Sa-OR-S113-4 - Age Effects On Effort Gains During Team Work

Diversity in work teams
Oral Presentation
Part of:
15 minutes
Teams and workgroups
Diversity in work teams
Age effects on effort gains during team work     
L. U. A. Gärtner 1,*, K. Wessolowski 1, F. Jansen 1, C. Nohe 1, G. Hertel 1
1Organisational & Business Psychology, University of Münster, Münster, Germany
Content: Purpose
Effort gains in teams (i.e., higher individual effort in teams as compared to individual work) have been shown in laboratory and field research. However, existing studies considered only younger people. The current study examines chronological age as potential moderator of motivating effects of teamwork. Based on socio-emotional selectivity theory, we assumed that motivating effects of social competition in teams decreases with higher age, whereas motivating effects of social responsibility increases with higher age.

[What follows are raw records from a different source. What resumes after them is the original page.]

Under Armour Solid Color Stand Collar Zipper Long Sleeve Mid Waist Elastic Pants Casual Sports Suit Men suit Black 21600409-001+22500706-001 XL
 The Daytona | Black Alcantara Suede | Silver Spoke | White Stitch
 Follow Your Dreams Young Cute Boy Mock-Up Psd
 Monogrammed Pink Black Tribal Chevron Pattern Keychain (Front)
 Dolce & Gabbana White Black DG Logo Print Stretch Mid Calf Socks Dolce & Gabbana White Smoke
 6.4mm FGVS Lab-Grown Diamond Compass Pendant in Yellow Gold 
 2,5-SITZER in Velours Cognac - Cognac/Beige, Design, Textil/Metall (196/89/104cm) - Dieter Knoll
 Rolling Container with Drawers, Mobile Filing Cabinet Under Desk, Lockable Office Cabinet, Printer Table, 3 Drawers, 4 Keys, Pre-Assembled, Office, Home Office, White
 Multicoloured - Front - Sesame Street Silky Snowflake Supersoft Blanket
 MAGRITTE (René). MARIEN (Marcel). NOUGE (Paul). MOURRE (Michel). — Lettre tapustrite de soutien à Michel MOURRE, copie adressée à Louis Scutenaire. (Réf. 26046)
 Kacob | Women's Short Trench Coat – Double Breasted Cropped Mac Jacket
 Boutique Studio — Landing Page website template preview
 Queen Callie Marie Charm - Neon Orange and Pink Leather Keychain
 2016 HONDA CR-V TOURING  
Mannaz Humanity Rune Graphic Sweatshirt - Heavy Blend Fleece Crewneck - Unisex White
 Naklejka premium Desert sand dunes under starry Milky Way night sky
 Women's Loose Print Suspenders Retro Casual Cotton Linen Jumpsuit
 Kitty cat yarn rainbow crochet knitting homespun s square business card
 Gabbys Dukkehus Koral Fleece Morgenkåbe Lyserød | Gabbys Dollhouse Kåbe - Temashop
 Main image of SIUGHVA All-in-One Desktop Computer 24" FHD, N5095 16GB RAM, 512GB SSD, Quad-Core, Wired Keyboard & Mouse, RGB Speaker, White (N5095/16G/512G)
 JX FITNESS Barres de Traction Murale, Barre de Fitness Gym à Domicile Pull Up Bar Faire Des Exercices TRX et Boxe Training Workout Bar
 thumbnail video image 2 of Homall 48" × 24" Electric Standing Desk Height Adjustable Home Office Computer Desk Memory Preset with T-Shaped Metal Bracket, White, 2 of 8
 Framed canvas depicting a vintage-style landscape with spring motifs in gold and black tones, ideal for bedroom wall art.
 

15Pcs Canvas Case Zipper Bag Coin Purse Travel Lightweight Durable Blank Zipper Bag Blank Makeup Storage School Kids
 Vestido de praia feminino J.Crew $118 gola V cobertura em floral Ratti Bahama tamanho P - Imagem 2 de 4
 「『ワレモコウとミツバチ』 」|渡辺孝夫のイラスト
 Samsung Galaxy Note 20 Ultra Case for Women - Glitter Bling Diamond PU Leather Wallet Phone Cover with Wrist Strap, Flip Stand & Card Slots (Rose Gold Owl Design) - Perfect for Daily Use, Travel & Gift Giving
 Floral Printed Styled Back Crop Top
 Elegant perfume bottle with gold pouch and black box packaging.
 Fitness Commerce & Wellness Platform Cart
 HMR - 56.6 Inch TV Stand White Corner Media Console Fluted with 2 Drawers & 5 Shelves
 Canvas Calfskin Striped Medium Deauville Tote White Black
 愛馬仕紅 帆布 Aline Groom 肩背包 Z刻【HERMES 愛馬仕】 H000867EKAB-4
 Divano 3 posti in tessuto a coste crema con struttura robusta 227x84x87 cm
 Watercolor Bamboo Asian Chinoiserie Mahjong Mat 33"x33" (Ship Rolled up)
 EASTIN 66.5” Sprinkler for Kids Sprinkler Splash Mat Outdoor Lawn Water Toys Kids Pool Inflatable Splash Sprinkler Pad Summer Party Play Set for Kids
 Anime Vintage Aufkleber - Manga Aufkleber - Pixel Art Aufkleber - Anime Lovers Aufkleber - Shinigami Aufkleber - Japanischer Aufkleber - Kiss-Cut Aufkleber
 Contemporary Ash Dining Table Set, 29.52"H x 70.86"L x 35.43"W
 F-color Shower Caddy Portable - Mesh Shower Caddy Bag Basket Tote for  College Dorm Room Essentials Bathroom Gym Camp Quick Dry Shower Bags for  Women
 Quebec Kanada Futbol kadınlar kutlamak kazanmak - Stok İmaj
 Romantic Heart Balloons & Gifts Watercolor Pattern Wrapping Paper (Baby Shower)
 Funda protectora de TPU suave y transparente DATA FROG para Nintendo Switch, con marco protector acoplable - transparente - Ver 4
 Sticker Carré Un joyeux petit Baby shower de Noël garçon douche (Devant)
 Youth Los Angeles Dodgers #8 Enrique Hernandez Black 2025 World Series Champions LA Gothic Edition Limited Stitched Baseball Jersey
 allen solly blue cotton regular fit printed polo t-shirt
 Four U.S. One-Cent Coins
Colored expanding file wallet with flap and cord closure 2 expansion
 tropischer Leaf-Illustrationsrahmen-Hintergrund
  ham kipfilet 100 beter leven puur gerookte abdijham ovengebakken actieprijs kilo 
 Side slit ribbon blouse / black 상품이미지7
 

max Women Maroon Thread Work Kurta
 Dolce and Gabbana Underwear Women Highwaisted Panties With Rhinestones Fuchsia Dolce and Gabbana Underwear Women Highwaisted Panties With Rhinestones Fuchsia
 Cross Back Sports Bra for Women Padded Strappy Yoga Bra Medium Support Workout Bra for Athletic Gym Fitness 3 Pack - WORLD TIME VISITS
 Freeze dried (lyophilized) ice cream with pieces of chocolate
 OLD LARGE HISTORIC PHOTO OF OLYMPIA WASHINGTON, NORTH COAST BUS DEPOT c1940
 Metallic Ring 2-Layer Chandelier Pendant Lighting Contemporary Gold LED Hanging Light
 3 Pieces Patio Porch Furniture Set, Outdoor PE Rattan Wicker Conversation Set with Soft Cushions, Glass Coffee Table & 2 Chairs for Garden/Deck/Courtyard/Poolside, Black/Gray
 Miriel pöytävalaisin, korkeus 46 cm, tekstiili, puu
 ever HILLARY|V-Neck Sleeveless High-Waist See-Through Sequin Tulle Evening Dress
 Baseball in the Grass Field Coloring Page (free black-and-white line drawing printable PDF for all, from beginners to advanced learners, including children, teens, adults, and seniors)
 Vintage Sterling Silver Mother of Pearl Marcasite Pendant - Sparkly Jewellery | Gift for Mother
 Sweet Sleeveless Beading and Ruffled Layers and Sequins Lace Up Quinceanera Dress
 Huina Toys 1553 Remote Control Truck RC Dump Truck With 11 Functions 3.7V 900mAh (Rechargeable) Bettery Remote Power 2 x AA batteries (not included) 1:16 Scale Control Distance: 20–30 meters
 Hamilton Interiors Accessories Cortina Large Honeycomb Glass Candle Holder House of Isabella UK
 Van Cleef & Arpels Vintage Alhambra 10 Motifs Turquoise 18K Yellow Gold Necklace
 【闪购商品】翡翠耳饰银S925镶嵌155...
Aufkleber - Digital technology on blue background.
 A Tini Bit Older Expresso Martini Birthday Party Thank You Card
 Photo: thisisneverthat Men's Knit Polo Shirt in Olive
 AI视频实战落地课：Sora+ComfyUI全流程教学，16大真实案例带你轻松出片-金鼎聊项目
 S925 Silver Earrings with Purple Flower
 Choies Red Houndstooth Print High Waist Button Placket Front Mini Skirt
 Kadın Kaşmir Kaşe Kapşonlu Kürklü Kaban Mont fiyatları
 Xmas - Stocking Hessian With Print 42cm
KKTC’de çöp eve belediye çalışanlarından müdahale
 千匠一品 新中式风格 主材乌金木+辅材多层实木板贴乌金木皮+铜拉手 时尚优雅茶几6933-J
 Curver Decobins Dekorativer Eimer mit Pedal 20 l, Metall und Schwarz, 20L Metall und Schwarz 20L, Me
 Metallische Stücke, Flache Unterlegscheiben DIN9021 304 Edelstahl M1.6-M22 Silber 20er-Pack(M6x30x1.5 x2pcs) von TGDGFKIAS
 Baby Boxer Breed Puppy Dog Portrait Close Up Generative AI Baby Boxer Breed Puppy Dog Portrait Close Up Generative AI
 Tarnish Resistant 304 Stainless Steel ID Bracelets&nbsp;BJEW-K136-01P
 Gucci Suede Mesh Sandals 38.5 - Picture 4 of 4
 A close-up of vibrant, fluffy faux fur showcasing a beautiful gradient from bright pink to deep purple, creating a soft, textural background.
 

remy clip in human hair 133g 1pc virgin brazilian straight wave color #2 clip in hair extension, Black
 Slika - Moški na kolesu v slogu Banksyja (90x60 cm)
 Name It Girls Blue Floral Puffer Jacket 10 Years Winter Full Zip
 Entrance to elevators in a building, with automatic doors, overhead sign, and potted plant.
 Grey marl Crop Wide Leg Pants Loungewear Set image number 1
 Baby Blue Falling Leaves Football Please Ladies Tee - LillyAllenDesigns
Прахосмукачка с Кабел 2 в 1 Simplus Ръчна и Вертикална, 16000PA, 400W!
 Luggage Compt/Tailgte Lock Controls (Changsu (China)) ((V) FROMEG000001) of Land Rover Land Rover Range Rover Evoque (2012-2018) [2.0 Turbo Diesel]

Hypotheses were tested in a diary study (3-8 measurements across 2-weeks) with 227 workers out of 17 companies (40% female, age M=40.05, SD=10.96). At each measure time, participants indicated whether they had worked on a team or individually, and provided ratings of their current effort, social competition with and responsibility for fellow team members.
Multilevel analyses (Mplus) revealed significant effort gains in teams when workers indicated high degrees of social competition or social responsibility. Moreover, older workers perceived higher responsibility but lower competition than their younger colleagues. However, the assumed age moderation effect was not observed.
This study focused on individuals in teams, neglecting potential moderators at the team level such as age diversity. 
Research/Practical Implications
Although older workers perceived more social responsibility and less competition in teams, older and younger workers were similarly motivated by both processes.
This is the first study demonstrating significant effort gains in teams in everyday work using a within subjects diary approach and considering systematic effects of workers’ age.